Start of MATERIAL PROVIDED

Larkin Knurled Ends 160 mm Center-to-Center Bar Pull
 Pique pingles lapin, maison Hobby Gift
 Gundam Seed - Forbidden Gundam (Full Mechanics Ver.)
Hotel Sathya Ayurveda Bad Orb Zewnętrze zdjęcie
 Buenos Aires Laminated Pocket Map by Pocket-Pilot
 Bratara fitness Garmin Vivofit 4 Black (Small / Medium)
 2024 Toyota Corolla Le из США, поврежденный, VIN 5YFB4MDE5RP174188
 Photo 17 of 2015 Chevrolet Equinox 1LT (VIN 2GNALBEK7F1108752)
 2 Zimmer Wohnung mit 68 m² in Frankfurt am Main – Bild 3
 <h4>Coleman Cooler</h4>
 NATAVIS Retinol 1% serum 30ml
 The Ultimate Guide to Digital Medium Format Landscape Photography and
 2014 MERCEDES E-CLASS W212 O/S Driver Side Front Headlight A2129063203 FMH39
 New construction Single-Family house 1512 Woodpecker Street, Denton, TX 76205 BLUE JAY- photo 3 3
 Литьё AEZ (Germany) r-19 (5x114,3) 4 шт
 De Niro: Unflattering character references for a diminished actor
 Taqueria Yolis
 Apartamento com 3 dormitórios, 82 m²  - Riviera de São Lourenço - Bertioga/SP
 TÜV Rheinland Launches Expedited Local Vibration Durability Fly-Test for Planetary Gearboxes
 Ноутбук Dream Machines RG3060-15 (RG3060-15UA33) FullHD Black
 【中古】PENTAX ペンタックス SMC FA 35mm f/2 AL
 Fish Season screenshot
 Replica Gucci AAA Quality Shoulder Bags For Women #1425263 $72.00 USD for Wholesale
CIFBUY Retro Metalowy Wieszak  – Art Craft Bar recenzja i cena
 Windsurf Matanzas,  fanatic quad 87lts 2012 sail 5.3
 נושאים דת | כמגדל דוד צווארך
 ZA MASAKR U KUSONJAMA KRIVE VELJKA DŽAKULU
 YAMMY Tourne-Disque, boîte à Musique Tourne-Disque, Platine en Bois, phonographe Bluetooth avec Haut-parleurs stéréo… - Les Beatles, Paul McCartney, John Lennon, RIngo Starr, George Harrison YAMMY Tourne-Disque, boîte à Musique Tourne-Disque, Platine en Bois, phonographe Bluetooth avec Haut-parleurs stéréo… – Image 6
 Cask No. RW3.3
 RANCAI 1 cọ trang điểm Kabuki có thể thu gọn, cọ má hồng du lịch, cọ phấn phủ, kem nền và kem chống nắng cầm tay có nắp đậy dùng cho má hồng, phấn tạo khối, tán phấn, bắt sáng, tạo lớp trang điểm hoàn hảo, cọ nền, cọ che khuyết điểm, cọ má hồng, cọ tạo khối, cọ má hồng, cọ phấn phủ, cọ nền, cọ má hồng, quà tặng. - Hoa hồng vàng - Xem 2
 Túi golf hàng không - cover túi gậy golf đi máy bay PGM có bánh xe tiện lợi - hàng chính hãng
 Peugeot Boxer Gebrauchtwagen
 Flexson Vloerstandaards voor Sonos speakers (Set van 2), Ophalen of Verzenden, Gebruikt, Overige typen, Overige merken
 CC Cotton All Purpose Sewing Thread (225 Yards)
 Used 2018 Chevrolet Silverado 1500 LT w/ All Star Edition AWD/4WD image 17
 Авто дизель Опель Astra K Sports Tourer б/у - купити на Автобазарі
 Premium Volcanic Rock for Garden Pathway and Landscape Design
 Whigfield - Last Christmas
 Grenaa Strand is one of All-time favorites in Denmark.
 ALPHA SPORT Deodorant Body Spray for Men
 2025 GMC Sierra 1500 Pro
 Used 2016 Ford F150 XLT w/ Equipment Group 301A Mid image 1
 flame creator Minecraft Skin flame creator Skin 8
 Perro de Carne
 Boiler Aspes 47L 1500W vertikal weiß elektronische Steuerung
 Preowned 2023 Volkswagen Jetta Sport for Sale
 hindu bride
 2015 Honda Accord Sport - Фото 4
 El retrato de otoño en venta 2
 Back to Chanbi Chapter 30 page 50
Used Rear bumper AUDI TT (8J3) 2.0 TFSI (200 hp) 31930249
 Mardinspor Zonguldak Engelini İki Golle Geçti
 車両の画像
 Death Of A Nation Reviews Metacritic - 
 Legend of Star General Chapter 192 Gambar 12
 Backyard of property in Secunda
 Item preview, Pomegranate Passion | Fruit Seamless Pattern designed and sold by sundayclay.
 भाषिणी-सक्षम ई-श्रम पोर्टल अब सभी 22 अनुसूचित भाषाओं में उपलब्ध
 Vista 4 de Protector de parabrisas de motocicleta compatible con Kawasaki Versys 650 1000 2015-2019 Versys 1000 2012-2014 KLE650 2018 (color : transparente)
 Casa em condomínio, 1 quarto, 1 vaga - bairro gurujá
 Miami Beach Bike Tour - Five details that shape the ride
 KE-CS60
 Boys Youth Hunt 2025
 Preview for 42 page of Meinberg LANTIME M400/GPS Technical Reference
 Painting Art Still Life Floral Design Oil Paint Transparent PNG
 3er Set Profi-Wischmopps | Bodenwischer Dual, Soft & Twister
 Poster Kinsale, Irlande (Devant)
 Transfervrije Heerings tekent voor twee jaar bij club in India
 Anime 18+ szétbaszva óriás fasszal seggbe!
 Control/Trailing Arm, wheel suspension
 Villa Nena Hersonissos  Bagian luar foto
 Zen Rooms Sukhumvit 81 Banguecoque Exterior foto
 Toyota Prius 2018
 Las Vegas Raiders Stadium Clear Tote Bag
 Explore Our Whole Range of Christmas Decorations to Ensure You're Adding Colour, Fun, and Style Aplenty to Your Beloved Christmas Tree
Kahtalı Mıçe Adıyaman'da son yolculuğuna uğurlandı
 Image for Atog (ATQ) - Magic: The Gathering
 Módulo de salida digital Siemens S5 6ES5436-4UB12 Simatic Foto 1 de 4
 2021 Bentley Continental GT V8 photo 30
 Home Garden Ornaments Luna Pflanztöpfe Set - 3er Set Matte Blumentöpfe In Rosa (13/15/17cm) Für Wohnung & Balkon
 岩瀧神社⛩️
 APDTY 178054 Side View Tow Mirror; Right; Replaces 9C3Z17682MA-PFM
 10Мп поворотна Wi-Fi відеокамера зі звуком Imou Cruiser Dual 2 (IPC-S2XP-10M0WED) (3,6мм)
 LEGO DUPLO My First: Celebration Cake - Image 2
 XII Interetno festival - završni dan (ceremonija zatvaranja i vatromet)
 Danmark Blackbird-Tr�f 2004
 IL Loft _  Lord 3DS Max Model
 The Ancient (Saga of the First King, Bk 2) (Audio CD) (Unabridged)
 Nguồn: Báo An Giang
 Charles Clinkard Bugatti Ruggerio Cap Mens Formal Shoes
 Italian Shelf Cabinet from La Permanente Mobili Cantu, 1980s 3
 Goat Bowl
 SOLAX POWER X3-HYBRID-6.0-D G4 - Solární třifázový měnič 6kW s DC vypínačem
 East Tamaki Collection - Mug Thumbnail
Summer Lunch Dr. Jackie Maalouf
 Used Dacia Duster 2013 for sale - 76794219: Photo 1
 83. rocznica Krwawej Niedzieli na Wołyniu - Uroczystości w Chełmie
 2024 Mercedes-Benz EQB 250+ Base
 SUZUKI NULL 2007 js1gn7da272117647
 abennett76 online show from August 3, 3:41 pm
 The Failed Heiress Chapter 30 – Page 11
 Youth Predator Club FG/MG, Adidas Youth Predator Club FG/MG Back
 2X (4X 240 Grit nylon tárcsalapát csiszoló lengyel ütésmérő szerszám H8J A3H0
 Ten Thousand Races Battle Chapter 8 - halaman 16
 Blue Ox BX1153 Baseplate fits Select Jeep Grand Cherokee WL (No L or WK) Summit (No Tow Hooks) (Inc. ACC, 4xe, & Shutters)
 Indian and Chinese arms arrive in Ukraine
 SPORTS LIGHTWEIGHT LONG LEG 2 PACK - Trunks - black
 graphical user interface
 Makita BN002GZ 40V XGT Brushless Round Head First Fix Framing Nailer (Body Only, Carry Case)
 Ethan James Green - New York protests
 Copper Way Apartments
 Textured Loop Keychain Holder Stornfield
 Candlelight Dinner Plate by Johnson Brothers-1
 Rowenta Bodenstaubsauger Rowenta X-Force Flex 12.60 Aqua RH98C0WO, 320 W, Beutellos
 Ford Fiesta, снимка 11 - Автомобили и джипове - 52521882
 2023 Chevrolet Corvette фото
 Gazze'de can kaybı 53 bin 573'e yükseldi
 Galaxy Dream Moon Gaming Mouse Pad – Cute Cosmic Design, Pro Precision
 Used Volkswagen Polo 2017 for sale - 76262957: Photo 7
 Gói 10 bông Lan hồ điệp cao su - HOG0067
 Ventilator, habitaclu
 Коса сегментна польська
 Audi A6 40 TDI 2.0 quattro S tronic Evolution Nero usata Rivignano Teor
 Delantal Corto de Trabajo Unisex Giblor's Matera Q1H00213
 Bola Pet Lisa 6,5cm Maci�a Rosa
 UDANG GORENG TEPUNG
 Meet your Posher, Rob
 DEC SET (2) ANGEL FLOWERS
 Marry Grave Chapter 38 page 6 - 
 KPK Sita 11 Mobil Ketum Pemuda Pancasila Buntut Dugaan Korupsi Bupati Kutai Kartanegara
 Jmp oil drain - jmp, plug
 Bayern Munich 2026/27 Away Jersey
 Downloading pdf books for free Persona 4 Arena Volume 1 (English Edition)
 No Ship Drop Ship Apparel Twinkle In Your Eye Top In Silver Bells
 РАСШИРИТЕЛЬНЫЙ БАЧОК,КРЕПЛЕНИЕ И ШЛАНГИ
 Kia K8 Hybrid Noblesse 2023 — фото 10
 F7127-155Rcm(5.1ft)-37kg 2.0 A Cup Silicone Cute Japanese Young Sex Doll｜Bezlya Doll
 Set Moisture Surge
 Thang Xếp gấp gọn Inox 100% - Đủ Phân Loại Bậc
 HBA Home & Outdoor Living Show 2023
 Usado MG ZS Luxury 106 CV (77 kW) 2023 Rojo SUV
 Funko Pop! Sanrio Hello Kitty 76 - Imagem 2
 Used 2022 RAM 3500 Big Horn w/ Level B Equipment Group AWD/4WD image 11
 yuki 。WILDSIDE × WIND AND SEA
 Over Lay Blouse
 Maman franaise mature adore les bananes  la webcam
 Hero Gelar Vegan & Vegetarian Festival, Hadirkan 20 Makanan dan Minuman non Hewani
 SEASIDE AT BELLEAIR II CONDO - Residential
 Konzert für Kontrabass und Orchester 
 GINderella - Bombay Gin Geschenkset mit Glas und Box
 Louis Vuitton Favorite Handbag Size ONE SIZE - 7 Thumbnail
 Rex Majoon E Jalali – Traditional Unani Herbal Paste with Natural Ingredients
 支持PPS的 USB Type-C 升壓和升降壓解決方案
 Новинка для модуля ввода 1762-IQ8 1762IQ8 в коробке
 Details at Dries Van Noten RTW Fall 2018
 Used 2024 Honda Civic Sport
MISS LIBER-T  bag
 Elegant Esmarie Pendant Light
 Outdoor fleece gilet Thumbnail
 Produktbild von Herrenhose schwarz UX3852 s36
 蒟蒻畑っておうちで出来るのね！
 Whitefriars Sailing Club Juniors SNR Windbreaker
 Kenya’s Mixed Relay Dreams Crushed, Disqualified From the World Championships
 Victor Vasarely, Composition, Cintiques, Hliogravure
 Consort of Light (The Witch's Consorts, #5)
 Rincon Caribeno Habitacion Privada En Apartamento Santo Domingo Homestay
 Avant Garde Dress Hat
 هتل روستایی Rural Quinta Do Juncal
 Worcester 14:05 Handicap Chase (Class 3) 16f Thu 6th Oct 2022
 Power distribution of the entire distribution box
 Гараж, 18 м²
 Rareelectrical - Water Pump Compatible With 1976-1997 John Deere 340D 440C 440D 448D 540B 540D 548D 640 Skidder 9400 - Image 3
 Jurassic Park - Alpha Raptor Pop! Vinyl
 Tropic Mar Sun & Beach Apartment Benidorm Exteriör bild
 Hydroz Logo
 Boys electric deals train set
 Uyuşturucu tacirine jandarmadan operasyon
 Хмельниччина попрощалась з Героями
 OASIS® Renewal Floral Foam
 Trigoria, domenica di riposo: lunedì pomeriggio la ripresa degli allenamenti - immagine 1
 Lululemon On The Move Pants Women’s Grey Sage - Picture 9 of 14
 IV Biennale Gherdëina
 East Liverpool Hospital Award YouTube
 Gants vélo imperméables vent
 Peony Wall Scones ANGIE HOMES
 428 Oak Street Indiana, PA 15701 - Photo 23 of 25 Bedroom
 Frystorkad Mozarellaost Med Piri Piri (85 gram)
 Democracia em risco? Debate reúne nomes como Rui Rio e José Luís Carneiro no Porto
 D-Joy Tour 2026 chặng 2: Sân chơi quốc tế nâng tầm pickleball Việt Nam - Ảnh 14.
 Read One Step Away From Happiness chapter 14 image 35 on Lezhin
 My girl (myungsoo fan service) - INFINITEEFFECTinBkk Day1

End of MATERIAL PROVIDED

**WORK REQUEST**
All that is wanted is a faithful reproduction of the line above with "Vista 4 de Protector", the line with "Anime 18+ szétbaszva óriás fasszal seggbe!", and every line in between.

**WORKED SOLUTION**
 Vista 4 de Protector de parabrisas de motocicleta compatible con Kawasaki Versys 650 1000 2015-2019 Versys 1000 2012-2014 KLE650 2018 (color : transparente)
 Casa em condomínio, 1 quarto, 1 vaga - bairro gurujá
 Miami Beach Bike Tour - Five details that shape the ride
 KE-CS60
 Boys Youth Hunt 2025
 Preview for 42 page of Meinberg LANTIME M400/GPS Technical Reference
 Painting Art Still Life Floral Design Oil Paint Transparent PNG
 3er Set Profi-Wischmopps | Bodenwischer Dual, Soft & Twister
 Poster Kinsale, Irlande (Devant)
 Transfervrije Heerings tekent voor twee jaar bij club in India
 Anime 18+ szétbaszva óriás fasszal seggbe!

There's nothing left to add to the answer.